It was a good day, a happy day, and as I boarded the train back to Stade I was glad I had decided to avoid the disaster zone that has become my apartment for a few hours. Of course, no happy day in my life is complete without a crazy story and this was no exception…
As soon as I got on the train I knew it was going to be a long ride. The cars were full to bursting and so I ended up standing. As more and more people squeezed their way on I was pushed further and further to the back of the car until I was standing with my back against the wall. In front of me was an old woman with a black ski cap who kept yelling at anyone who tried to get on the train (and while I appreciated the sentiment, she was making quite a fuss). Next to me was a man and his dog (it is quite common for people to bring their dogs on buses, trains and subways here). Somehow, in the midst of the chaos and the yelling the dog ended up sitting between my feet. Now, I like dogs and this one was cute and seemed well-behaved so I didn’t think much of it… until he started licking my pants (Remember that ice cream I mentioned earlier? I may have spilled some of it on my jeans). So now I am squished between dozens of strangers with a strange dog licking my pants, scrambling to find something to hang on to as the train zips out of the city. And all I can think is that this utterly bizarre experience is the perfect end to my last Saturday in a country that has made me laugh and cry and dance and scream…
Tuesday, January 31, 2012
“Good morning ladies and gentlemen. We have a very big problem. Please evacuate the train. Immediately.”

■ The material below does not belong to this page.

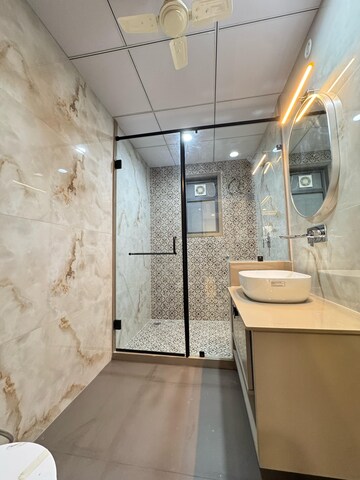 Bathroom in 4 BHK Apartment at Nirman Nagar – for Sale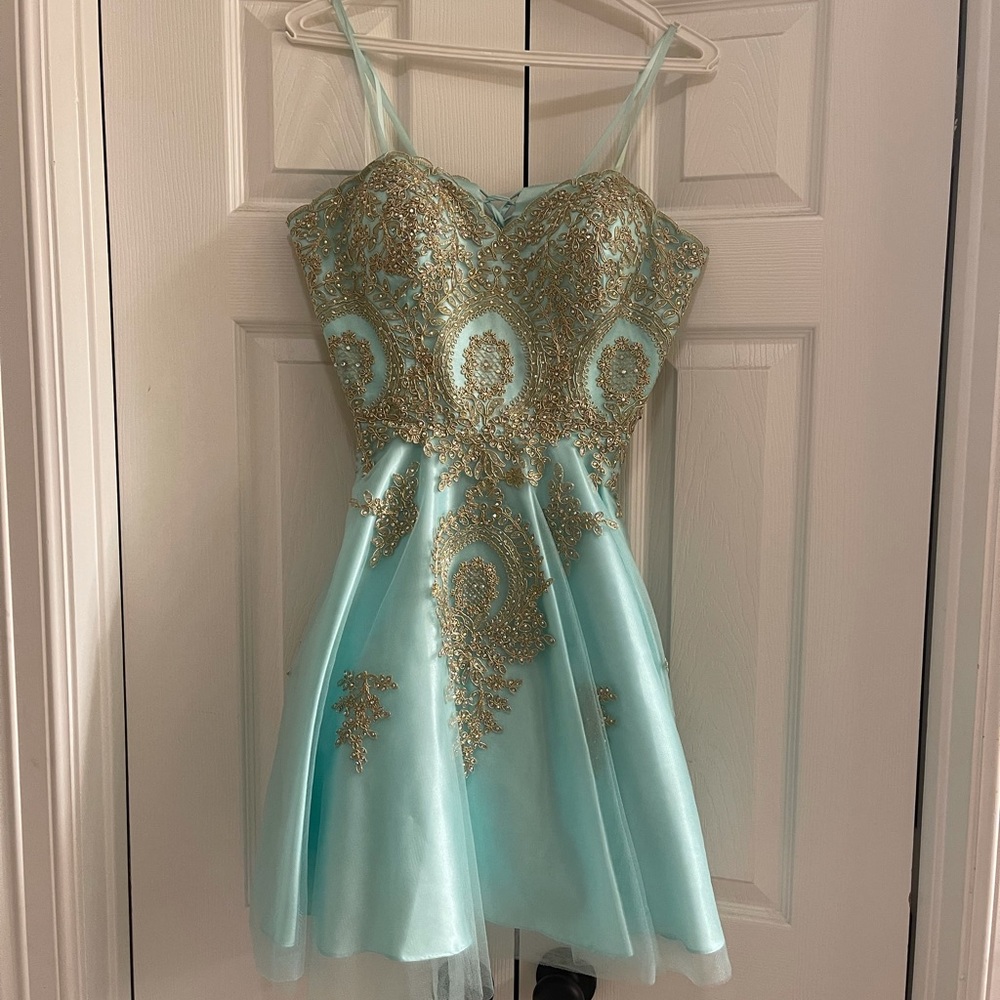Turquoise and gold strapless dress from Camilles.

On my “List of Ways I Like to be Awakened in Foreign Countries” the previous phrase is certainly not at the top. In fact, it it’s on another list entirely, a list entitled, “Things I Never Want to Hear at 7am.” However, when the loud speaker crackled to life on Saturday morning and I was forced to leap from my bed (it was a night train so, yes, I actually had a bed), grab my belongings and wait in the cold for over half an hour with a train full of people somewhere in the German countryside, I decided to try to make the most of it. After all, I like a little adventure as much as the next person…
Three trains and four hours later as I bounced along in an overcrowded train with my luggage at my feet (yep, I was standing, because when you put a train full of people on another train that is already full of people, there tend not to be any seats left), my spirit of adventure began to decline rapidly. I hadn’t brushed my teeth in ages, I hadn’t slept well the previous night and I was so confused as to my current geographic location that I didn’t even know if I was in Germany or the Netherlands.
By the time I reached Amsterdam, my destination for one last weekend trip before returning to the USA in a few weeks, I was ready for a shower and a change of clothes. Unfortunately, my room at the hostel was not ready and, according to the look the receptionist gave me, it wasn’t going to be ready any time soon and I was a fool for asking. Instead of a refreshing shower, I was directed to a closet-sized bathroom down the hall.
Deciding to make the best of a less than ideal situation, I changed my clothes, brushed my teeth, pulled my hair into a terribly attractive ponytail, tossed my backpack in the “luggage room” (please read, closet underneath a staircase) and set out to explore the city they call The Venice of the North, all the while thinking, “Amsterdam, you’d better be worth it.”
And, as corny and clichéd as it sounds—it was worth it. I was instantly charmed. After all, who wouldn’t fall in love with a city that boasts more canals than Venice, more bikes than people and the largest public library in Europe?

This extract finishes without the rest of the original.